▶ **Task goal**:
Scan the data below for lines containing the string "Among" and give only how many there are.

▶ **Records from a collection**:
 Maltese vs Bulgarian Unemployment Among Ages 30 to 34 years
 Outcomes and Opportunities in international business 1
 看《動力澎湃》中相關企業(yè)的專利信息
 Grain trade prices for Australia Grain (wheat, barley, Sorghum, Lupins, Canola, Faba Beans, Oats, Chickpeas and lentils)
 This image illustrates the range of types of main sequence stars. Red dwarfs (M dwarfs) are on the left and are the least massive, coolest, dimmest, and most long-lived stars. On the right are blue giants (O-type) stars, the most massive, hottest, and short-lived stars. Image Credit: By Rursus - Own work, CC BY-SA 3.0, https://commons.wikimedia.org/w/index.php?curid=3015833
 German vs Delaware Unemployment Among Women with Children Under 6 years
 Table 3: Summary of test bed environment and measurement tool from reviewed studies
--
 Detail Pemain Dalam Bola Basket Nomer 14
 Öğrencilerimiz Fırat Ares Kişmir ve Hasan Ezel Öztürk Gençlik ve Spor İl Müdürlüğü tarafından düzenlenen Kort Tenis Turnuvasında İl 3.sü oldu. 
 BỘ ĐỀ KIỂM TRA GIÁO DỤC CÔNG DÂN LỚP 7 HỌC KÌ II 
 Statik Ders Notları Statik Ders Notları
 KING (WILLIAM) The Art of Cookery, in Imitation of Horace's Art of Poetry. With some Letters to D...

▶ **Answer to this task**:
2